Auch in der Freizeit laufen viele Medienaktivitäten parallel zu anderen Handlungen im Hintergrund, z. B. Handynutzung während des Essens, Handynutzung während eines Gesprächs mit anderen Menschen, Handynutzung während des Fernsehens («Second Screen»). Ein potenzielles Problem bzw. ein Auslöser für Stress in der Freizeit können auch häufige soziale Vergleiche auf Social Media sein («FOMO – Fear of missing out»).

In diesem Kontext kann der Begriff «Glücksstress», den der Philosoph Wilhelm Schmid geprägt hat, eingeordnet werden (Schmid 2012, 64). Durch das Betrachten von Bildern anderer auf Social Media, die selektiv nur die schönsten Freizeit- und Urlaubsmomente zeigen, kann ein negatives Gefühl entstehen. Betrachterinnen und Betrachter, die sich im Vergleich als weniger glücklich wahrnehmen, können sich motiviert fühlen, mehr für ihr Glück tun zu müssen, was Druck und Stress erzeugen kann.

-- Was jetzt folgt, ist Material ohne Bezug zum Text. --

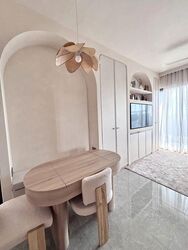 The Linq @ Beauty World (D21), Apartment #573489981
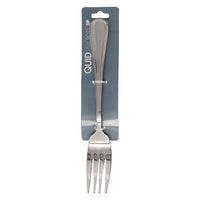 Fork Set Quid Dots Stainless steel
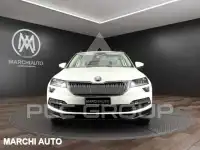 2020 Skoda Karoq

Ein kritisch-humorvoller Instagram-Beitrag bringt es folgendermassen zum Ausdruck: «Instagram: everyone is on vacation and having sex without you» (freeart.humaity, 6.5.2019).

Hinweise zum Umgang mit Stress

Der Umgang mit Stress und Belastung – nicht nur im Zusammenhang mit Medien – ist sehr individuell. Entsprechend gibt es auch nicht die eine hilfreiche Strategie. Im Folgenden sind deshalb einfach ein paar Ideen und Anregungen skizziert, die als Inspiration bzw. als eine Art Checkliste genutzt werden können.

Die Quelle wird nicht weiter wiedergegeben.